Assignment → Give back only the lines in the records below from the one with "Restored Lemmings Super" to the one with "Women's Patriotic America", both inclusive, word for word.

Input →
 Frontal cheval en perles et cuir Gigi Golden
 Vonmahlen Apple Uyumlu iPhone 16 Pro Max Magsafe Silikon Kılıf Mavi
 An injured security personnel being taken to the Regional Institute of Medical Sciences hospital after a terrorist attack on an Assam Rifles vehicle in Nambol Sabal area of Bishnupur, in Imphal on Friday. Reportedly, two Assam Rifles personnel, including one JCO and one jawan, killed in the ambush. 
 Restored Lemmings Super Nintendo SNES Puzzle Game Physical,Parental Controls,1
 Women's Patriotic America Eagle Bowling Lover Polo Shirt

* * *

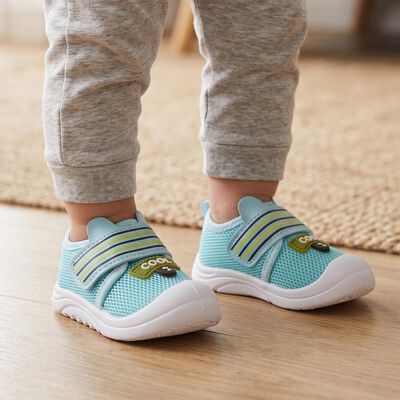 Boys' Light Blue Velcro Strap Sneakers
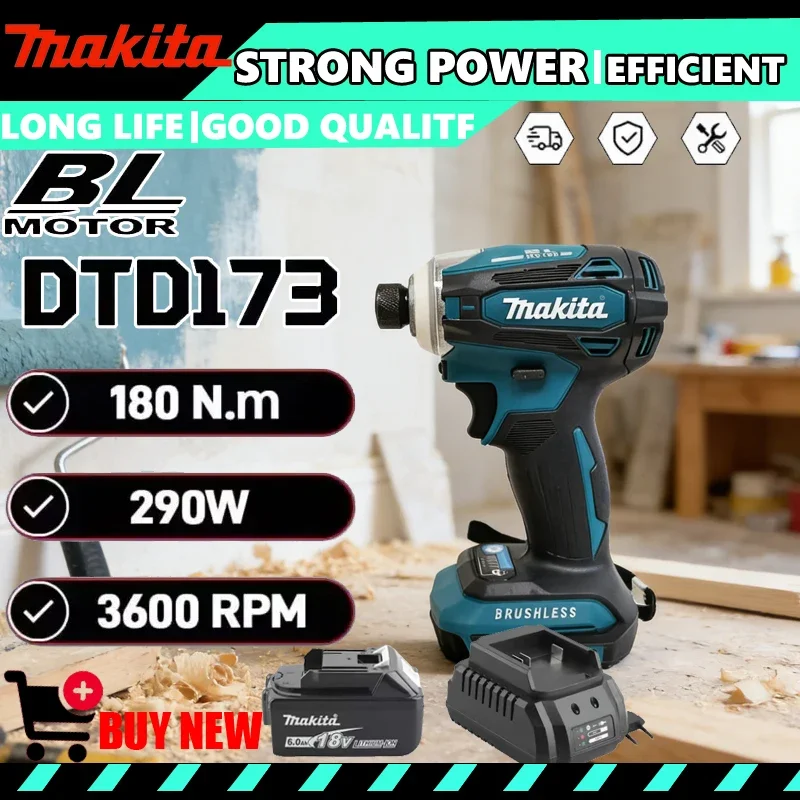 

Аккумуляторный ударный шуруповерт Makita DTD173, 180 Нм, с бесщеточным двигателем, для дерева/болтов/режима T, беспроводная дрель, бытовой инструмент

Solution →
 Restored Lemmings Super Nintendo SNES Puzzle Game Physical,Parental Controls,1
 Women's Patriotic America Eagle Bowling Lover Polo Shirt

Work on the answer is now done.